02.08.2024 By: Josef Müller


Artikel Nummer: 50357

Massive pressure on the margins

In conversation with Rolf Hadolt, owner and managing director of the Hadolt Group. ITJ correspondent Josef Müller filed this rather personal report from his visit to Graz, where he was warmly welcomed by Rolf Hadolt. The manager is optimistic about business this year, appreciates Austria’s economic strengths, but also criticises policy-makers in Vienna and Brussels. Luckily for him, there’s an amber liquid from his wife’s home country to soothe him after work.

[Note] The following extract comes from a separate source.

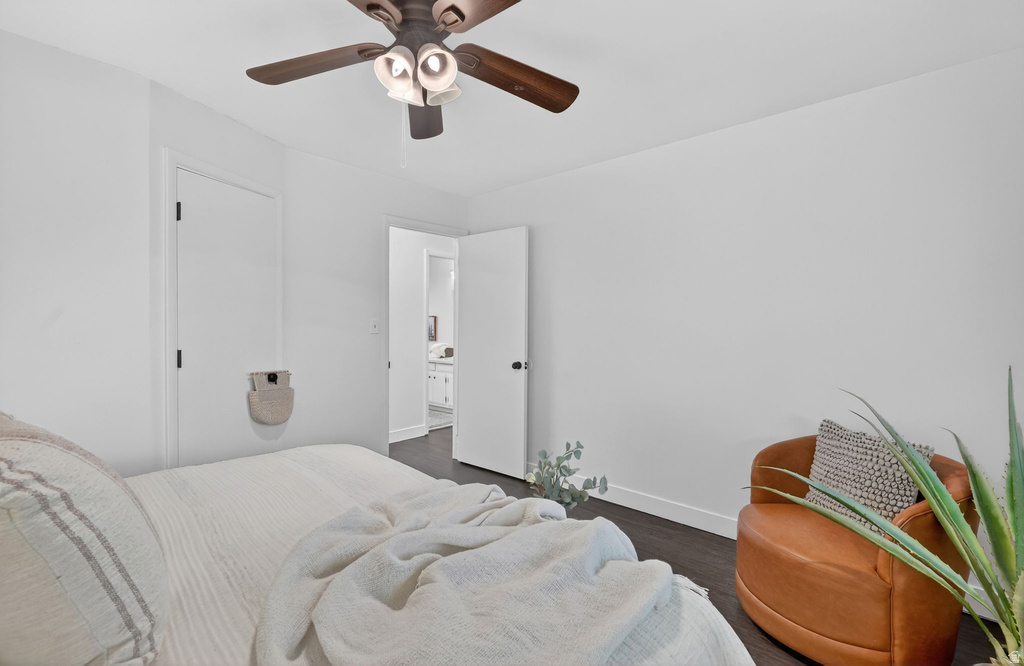 42 N BLAINE AVE Grantsville, UT 84029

When Rolf Hadolt reviews the past year, he sees a mixed annual balance sheet. Although sales remained roughly at the level of 2022, at EUR 60 million, the pressure on ebit margins was very much felt.

 

“We experienced this especially in the air and ocean freight business. It wasn’t an easy year for us,” was how Hadolt took stock for the ITJ. The head of the Hadolt Group, with its 250 employees, 150 trucks and own assets, is nevertheless satisfied.

 

“We have reason to be optimistic on the basis of how 2024 started,” the 63-year-old manager said who, after 47 years in the logistics industry, has now integrated his son Felix into the company.

 

Precisely calculated sustainability

 

The noticeable increases in labour costs and the CO2 pricing that has been in force in Austria since the beginning of the year are putting pressure on margins.

 

Hadolt is committed to sustainability, which can be gauged at headquarters in Kalsdorf, which will become self-sufficient in terms of its energy supply from the middle of this year. Extending the solar system on the facility’s roofs costs the tidy sum of EUR 200,000, but it should really pay off, especially as more and more customers’ invitations to tender also ask for proof of Hadolt’s sustainable activities.

 

More and more trucks in the fleet are now fuelled by HVO100, which means costs on this replacement for diesel have risen by 5%, but this fact in turn eliminates mineral oil taxes and reduces CO2 emissions by 90%.

 

Rolf Hadolt’s forehead creases up in a frown when he’s asked about the potential of e-trucks. He’s very clear. “It’s all just wishy-washy! I consider these vehicles to primarily be a PR stunt. I don’t believe long-distance lorries will ever be able to run economically entirely on electricity.”

 

In his view, hydrogen-powered trucks or e-fuels have a strong future ahead of them as alternative drive technologies. Electric trucks could just be a transitional solution, provided the necessary infrastructure is in place. Hadolt believes that “we mustn’t condemn the internal combustion engine, because its technology is advanced today, diesel fuel is already very clean and trucks consume much less of it than in the past.”

 

The entrepreneur, whose business model works mainly with trucks, can’t understand why policy-makers force truck manufacturers to produce electric and hydrogen trucks today. He isn’t alone with this opinion. Many colleagues and Austria’s central association for freight forwarding and logistics are strongly critical of political coercion for e-mobility in the overland sector. They call for openness in technology and the free choice for companies as to which trucks they want to deploy.

 

Diversity and harmonisation

 

When Hadolt talks about transport policies his cheerful nature is soon obscured. “What we need in Austria is stronger development of the railways and roads, and a coordinated single European transport policy that doesn’t manifest itself through regulatory overkill.”

 

Hadolt is also a patriot, “We have a well-functioning economy in Austria, we have good products and good companies.” However, the carbon pricing system introduced at the beginning of the year puts Austria at risk as a location in which to do commercial and logistics business.

 

Hadolt relaxes when he lets his gaze wander over his collection of 3,000 bottles of whisky stored in his office – his second great passion after logistics. It’s probably the largest such collection in Austria. It includes 500 bottles from Japan – which is the home of his wife.